Der weltweite Klima-Aktionstag in unserer Region am Freitag, 20. September

Braunschweig: Der FFF-Generalstreik beginnt 10 Uhr mit Musik und Reden auf dem Schlossplatz, ab 12.15 Uhr ist eine Zwischenkundgebung auf dem Kohlmarkt geplant. Die Demo bildet den Auftakt für die Klima-Woche in Braunschweig: Bis 27. September gibt es einige Dutzend Veranstaltungen mit vielen Partnern.

Gifhorn: Fridays for Future (FFF) Gifhorn demonstriert von 10.30 Uhr an in der Gifhorner Innenstadt. Der Demonstrationszug führt über gesperrte Straßen vom Schillerplatz zum Rathaus. Dort gibt es eine Kundgebung und fünf Stände örtlicher Aktivgruppen wie Parents for Future oder Food Saver Gifhorn. Kirchengemeinden läuten mittags zehn Minuten lang die Glocken.

Helmstedt: Wie eine Umfrage unserer Zeitung an den weiterführen Schulen des Landkreises ergab, sind für Freitag keine Aktionen oder Demonstrationen von Schülerseite geplant.

Peine: Die FFF-Ortsgruppe Peine demonstriert ab 12 Uhr vor dem Rathaus (Eingang Werderpark). Es gibt einen Umzug durch die Innenstadt bis zum Kreishaus mit Aktionen wie „Hüpfen für den Kohleausstieg“. Vorm Kreishaus ist ein Abschluss-Redebeitrag geplant.

Salzgitter: Die FFF-AG am Gymnasium Salzgitter-Bad veranstaltet eine Podiumsdiskussion in der Schulaula. Ab 11.30 Uhr diskutieren die Schüler mit Vertretern aller Fraktionen aus dem Salzgitteraner Stadtrat über den Klimawandel.

Wolfenbüttel: Am dritten globalen Klimastreiktag gibt es erstmals eine Veranstaltung in Wolfenbüttel von 10 bis 13 Uhr auf dem Stadtmarkt. Bis 11 Uhr gibt es Redebeiträge, dann folgen ein Demozug durch Wolfenbüttel mit kurzen Zwischenstopps und gegen 12 Uhr eine Abschlusskundgebung. Veranstalter sind die FFF-Ortsgruppe mit Umweltverbänden und den örtlichen Gewerkschaften, die auch Infostände aufbauen.

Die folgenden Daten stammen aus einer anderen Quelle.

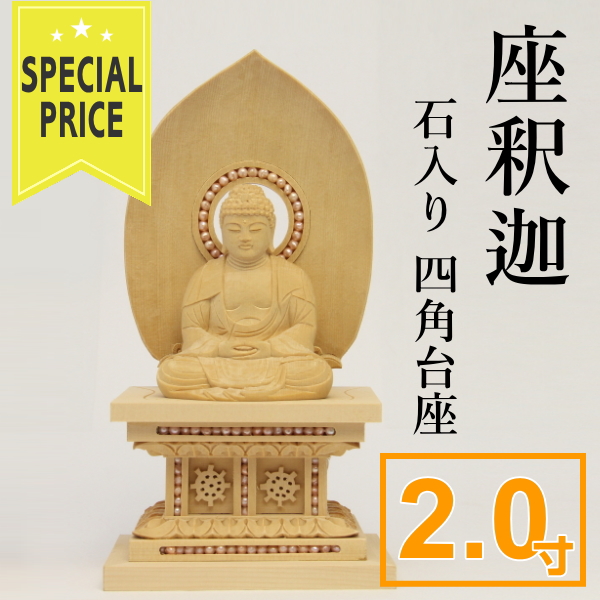 仏像　釈迦　石入り四角台座　2寸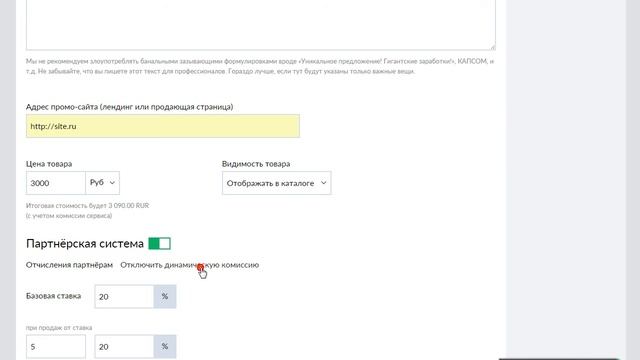 Добавление товара. Основные данные. смотреть онлайн
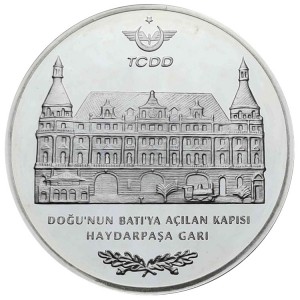 Реверс монеты Турция, 25 новых лир, 2006, 150 лет Турецкой железной дороге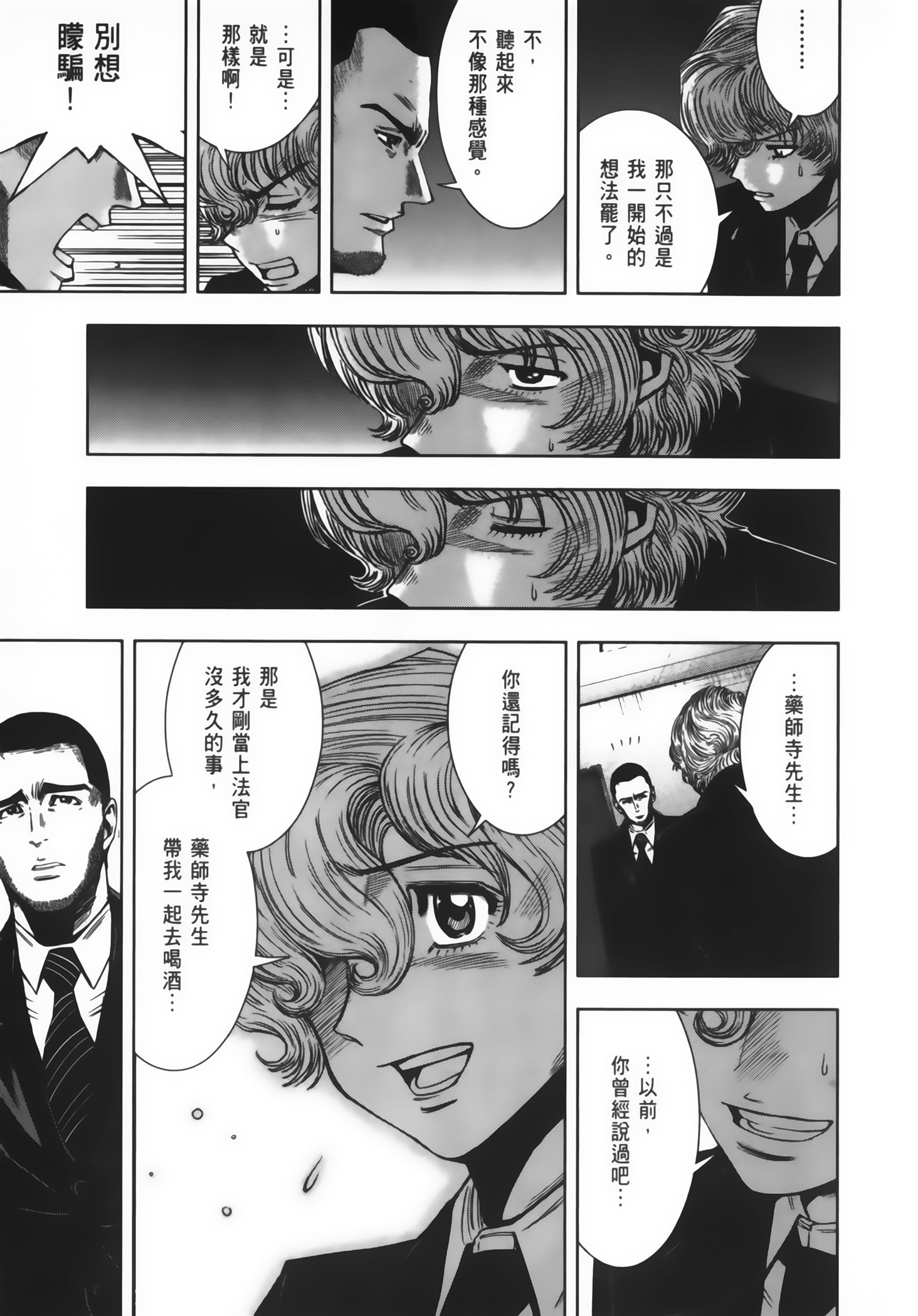 Page 210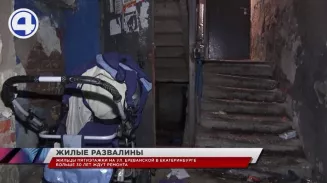 Жильцы пятиэтажки на улице Ереванской несколько лет не могут добиться ремонта в своём доме Жильцы пятиэтажки на улице Ереванской несколько лет не могут добиться ремонта в своём доме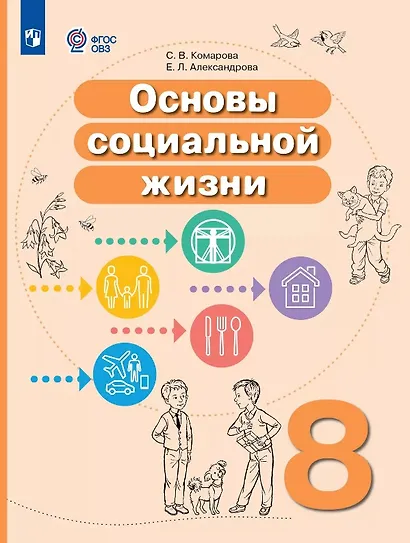 Основы социальной жизни. 8 класс. Учебное пособие (для обучающихся с интеллектуальными нарушениями) - фото 1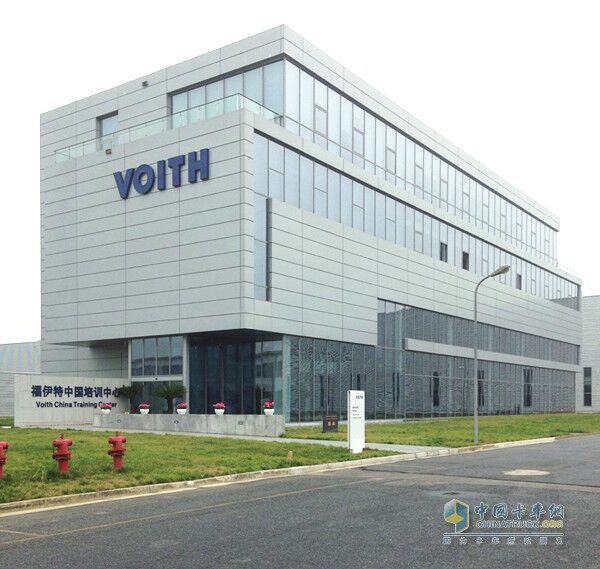 Voith Group Training Company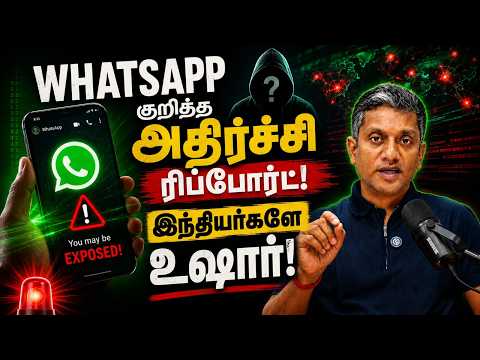 இந்தியர்கள் பயன்படுத்தும் whatsApp தொடர்பான அதிர்ச்சி ரிப்போர்ட் | Major Madhan Kumar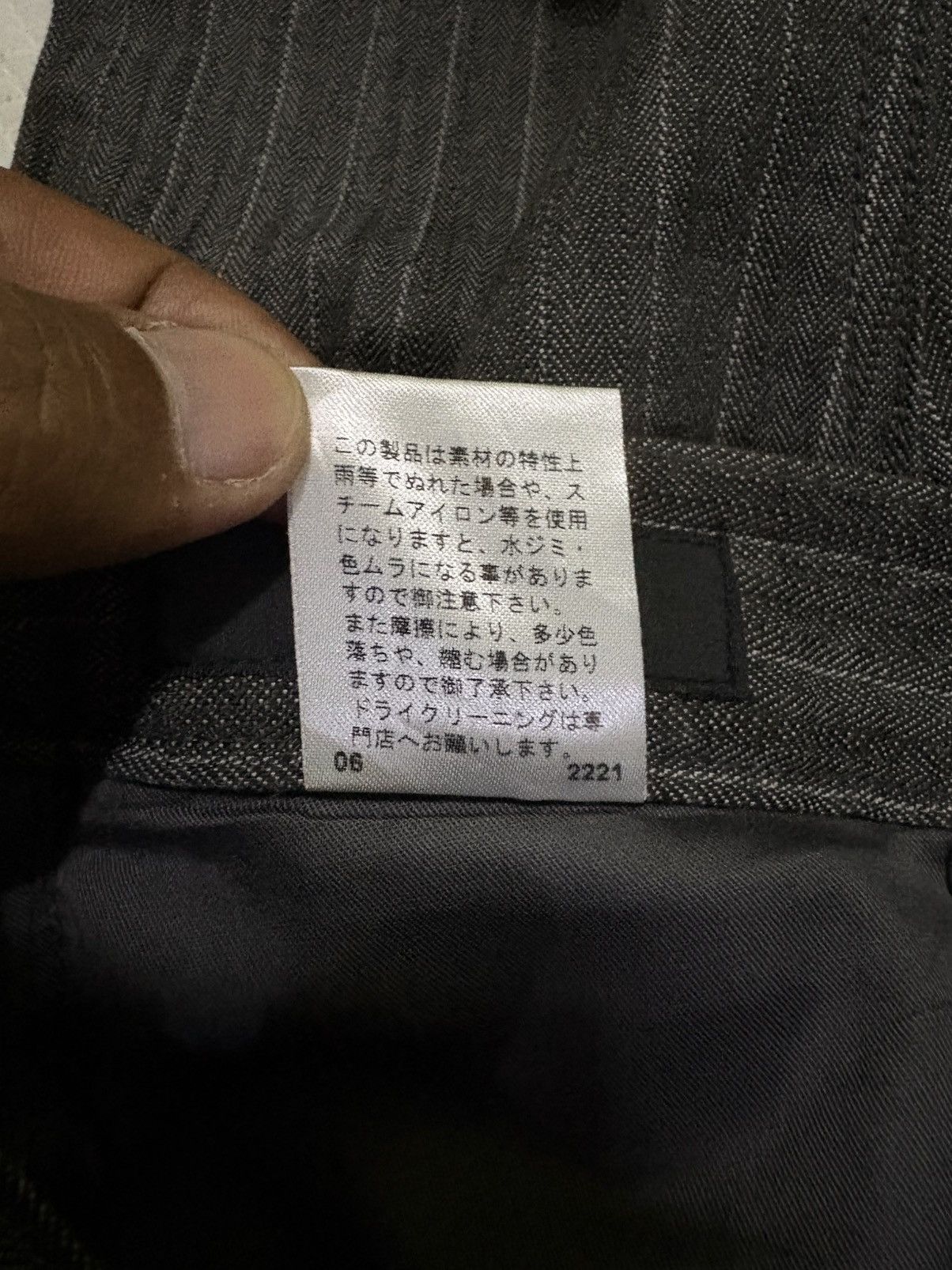 Comme Ca Ism Japanese Comme Ca Ism Streetwear Flared Denim Size US 30 / EU 46 - 19 Thumbnail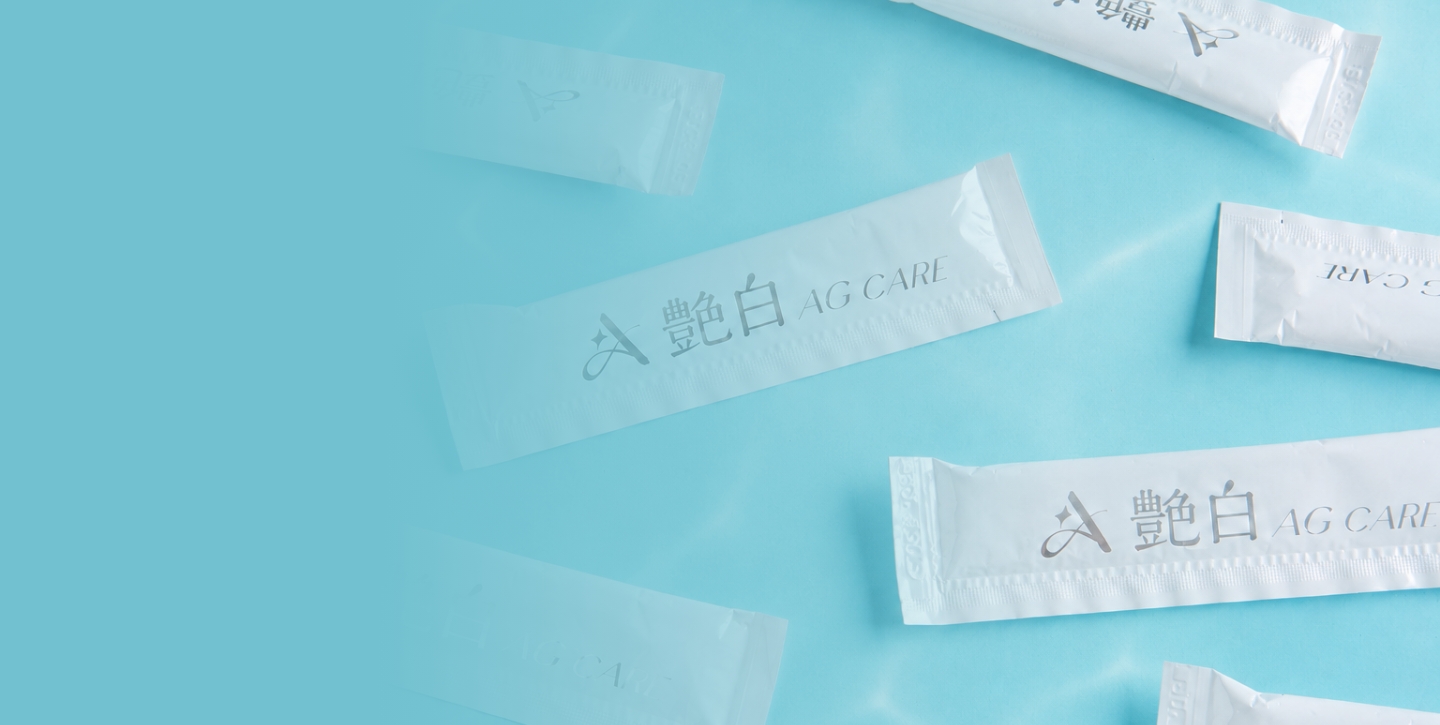 艶白AG careゼリー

Wolfsburg: Die Demonstration in Wolfsburg beginnt um 12 Uhr am Hauptbahnhof. Neben der FFF-Ortsgruppe sind der BUND und Verdi dabei. Die Gewerkschaft ruft dazu auf, sich an der Kundgebung zumindest zeitweise zu beteiligen, auszustempeln und gegebenenfalls die Mittagspause dafür zu nutzen.